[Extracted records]
────

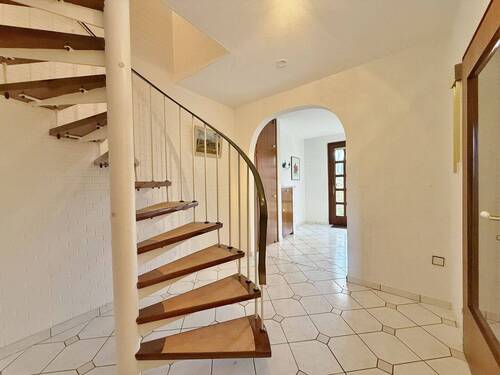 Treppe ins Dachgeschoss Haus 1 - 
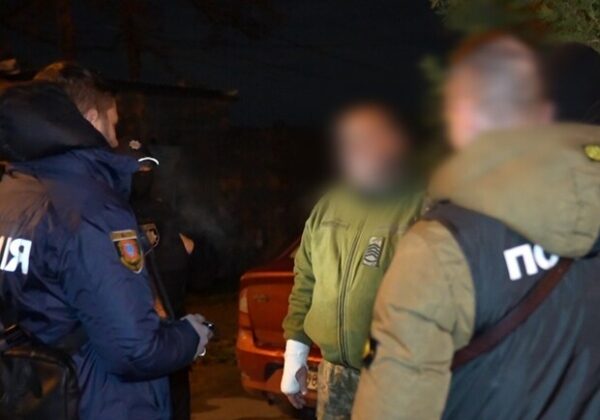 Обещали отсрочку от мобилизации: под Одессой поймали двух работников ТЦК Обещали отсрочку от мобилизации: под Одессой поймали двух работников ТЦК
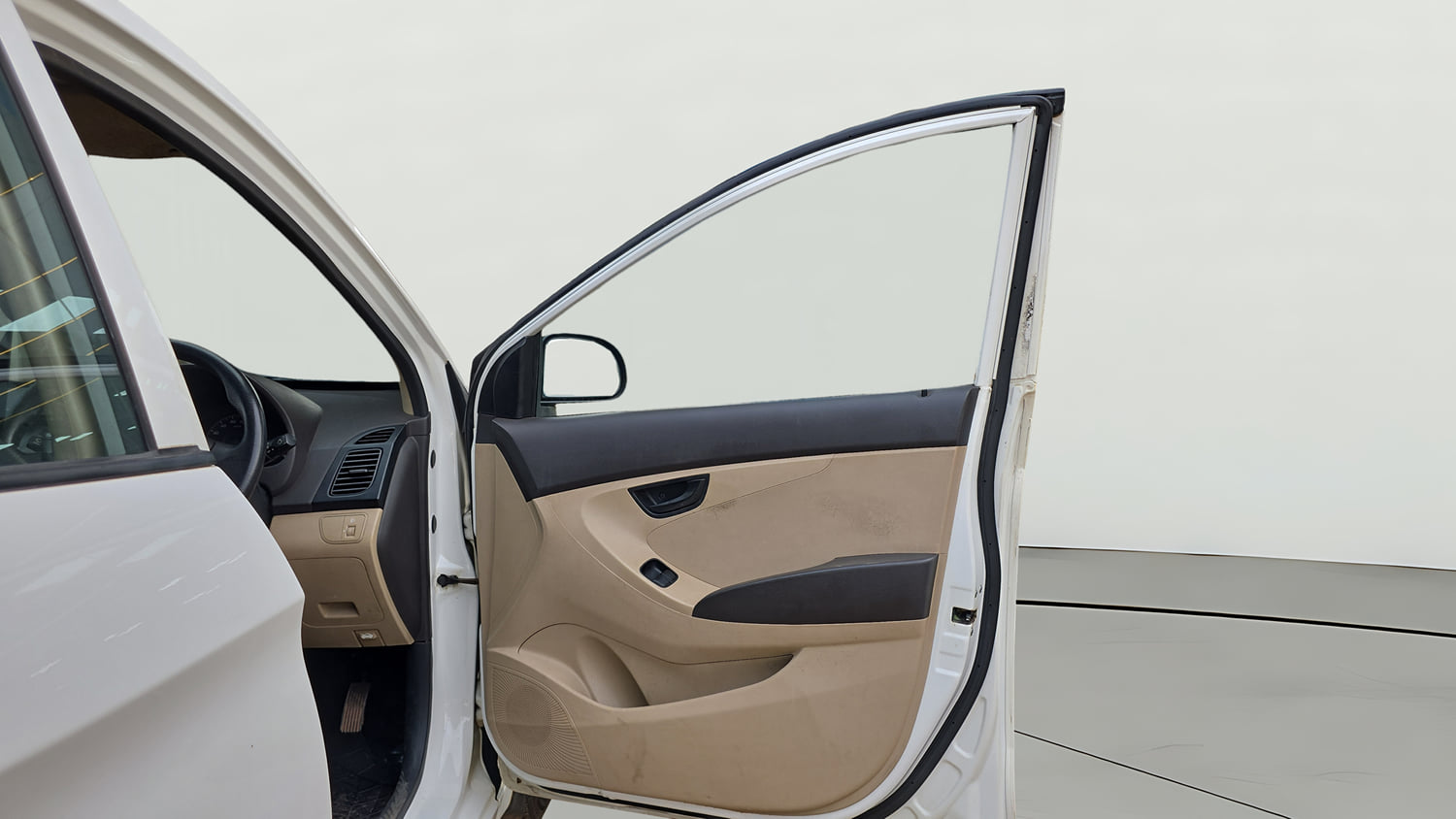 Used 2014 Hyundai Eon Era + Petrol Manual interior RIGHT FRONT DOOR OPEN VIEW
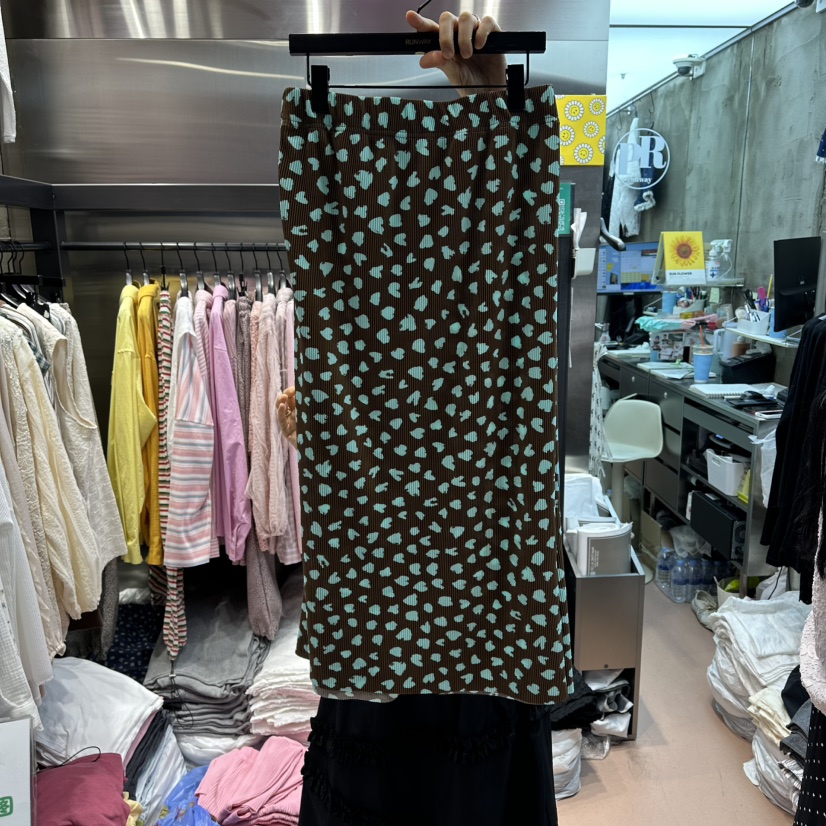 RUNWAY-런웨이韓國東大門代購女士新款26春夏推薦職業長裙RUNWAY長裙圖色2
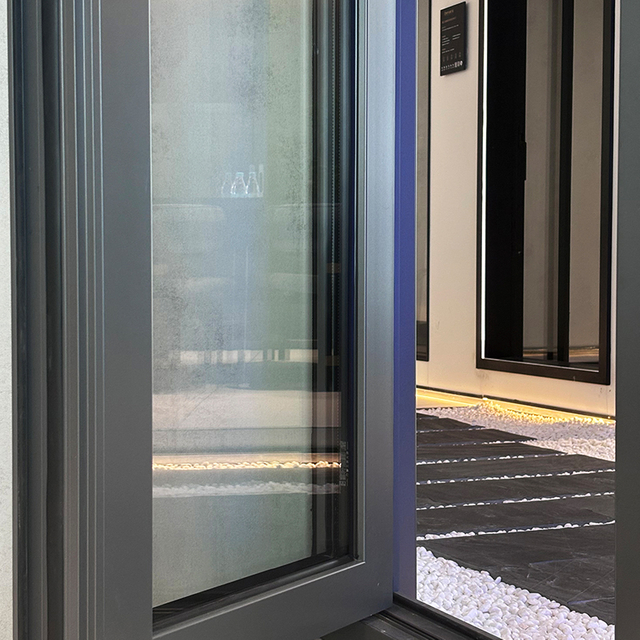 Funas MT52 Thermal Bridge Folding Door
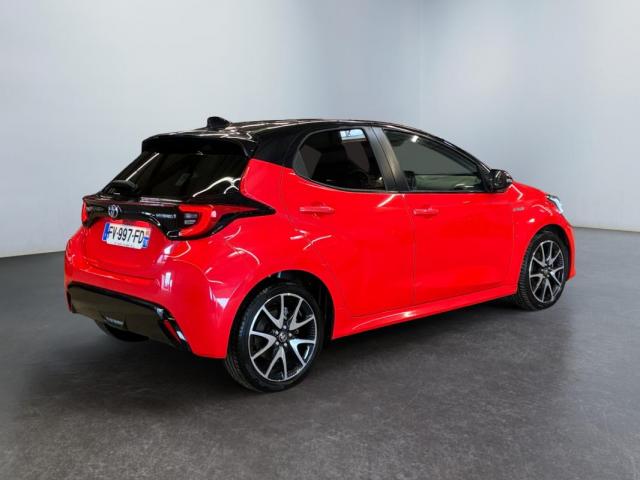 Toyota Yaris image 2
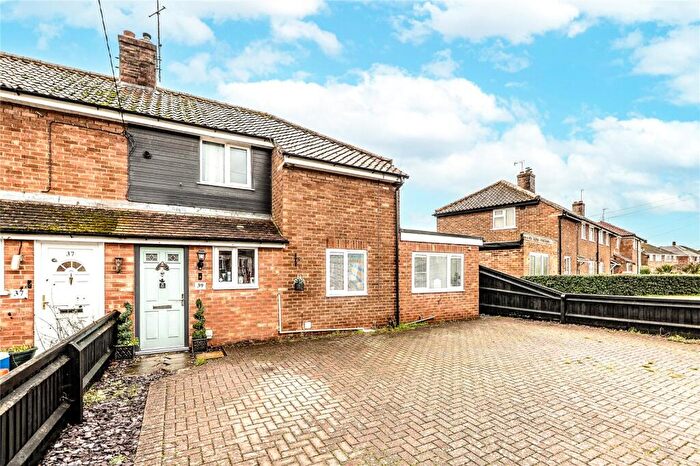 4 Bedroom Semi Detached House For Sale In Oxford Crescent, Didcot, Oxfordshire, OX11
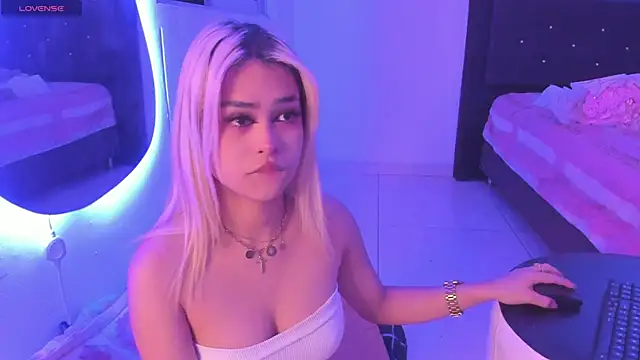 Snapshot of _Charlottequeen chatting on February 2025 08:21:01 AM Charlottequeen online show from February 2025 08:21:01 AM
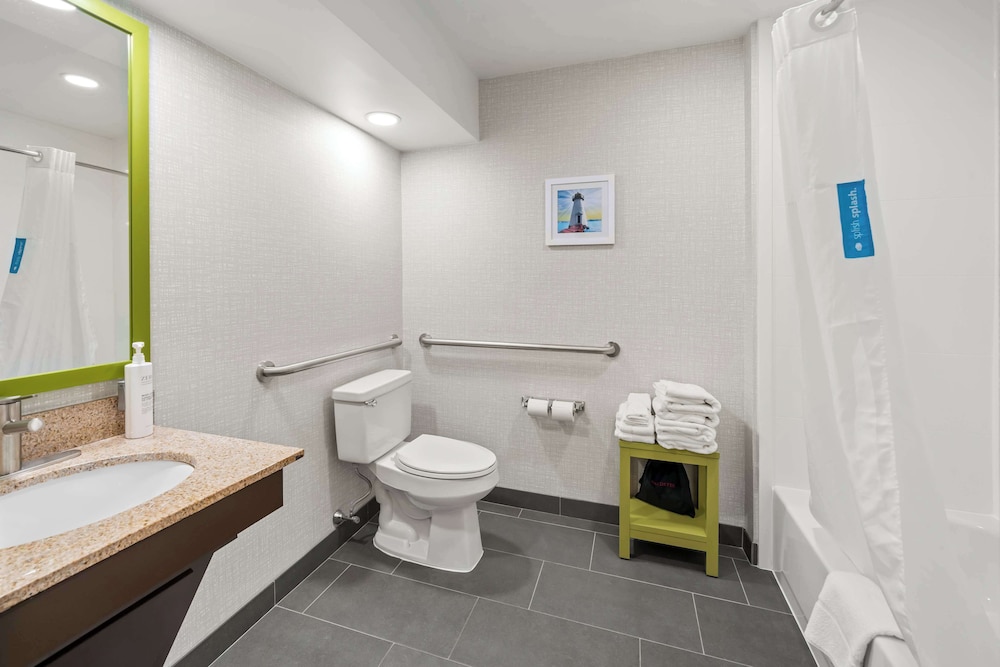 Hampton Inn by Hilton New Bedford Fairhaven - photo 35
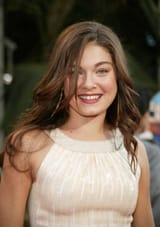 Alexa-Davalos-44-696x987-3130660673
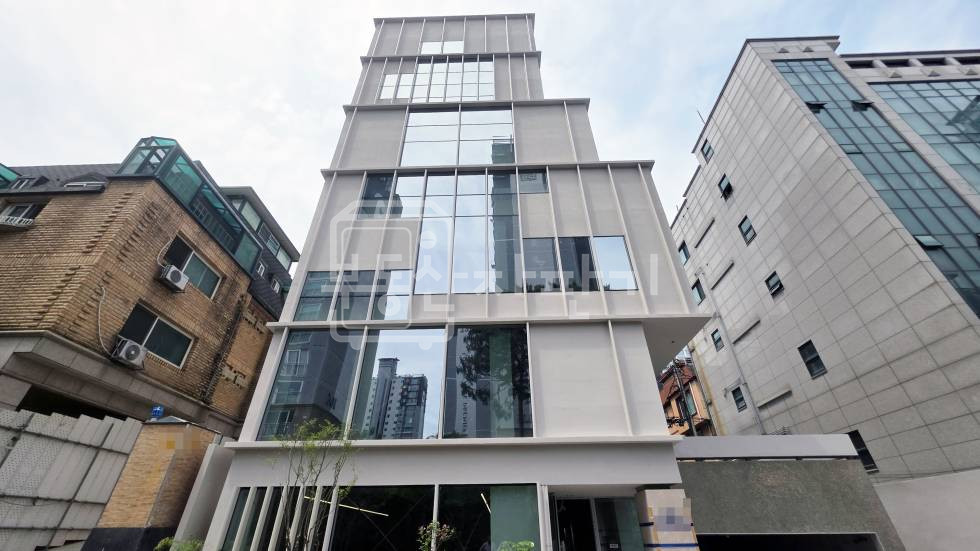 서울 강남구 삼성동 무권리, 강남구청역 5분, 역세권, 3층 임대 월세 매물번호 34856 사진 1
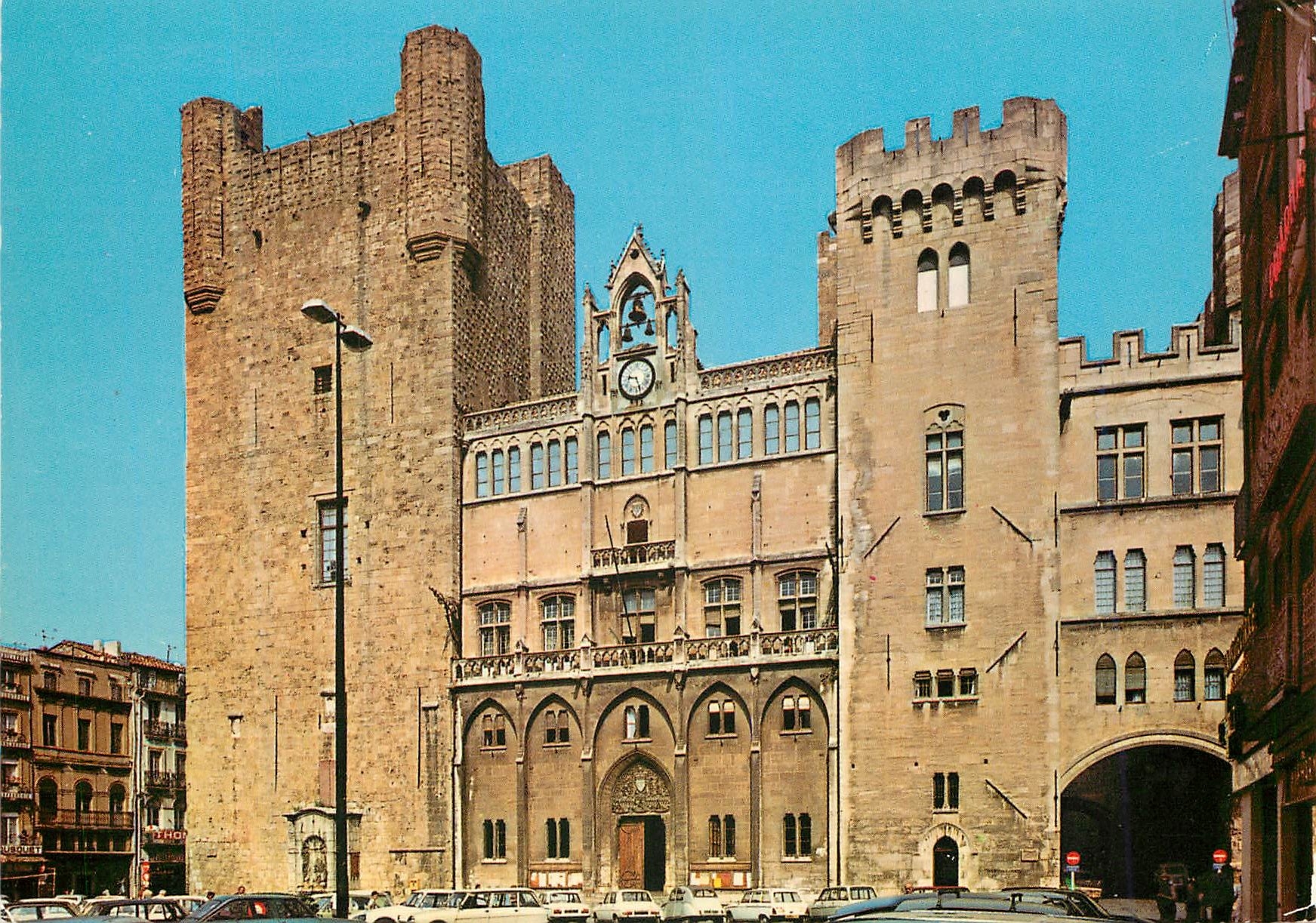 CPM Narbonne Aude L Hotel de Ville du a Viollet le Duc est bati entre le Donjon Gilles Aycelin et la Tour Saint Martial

────

With pictures excluded, the lines running from the one containing "RUNWAY-런웨이韓國東大" through the last line of the records above are to be restated exactly and in full.

 RUNWAY-런웨이韓國東大門代購女士新款26春夏推薦職業長裙RUNWAY長裙圖色2
 Funas MT52 Thermal Bridge Folding Door
 Toyota Yaris image 2
 4 Bedroom Semi Detached House For Sale In Oxford Crescent, Didcot, Oxfordshire, OX11
 Snapshot of _Charlottequeen chatting on February 2025 08:21:01 AM Charlottequeen online show from February 2025 08:21:01 AM
 Hampton Inn by Hilton New Bedford Fairhaven - photo 35
 Alexa-Davalos-44-696x987-3130660673
 서울 강남구 삼성동 무권리, 강남구청역 5분, 역세권, 3층 임대 월세 매물번호 34856 사진 1
 CPM Narbonne Aude L Hotel de Ville du a Viollet le Duc est bati entre le Donjon Gilles Aycelin et la Tour Saint Martial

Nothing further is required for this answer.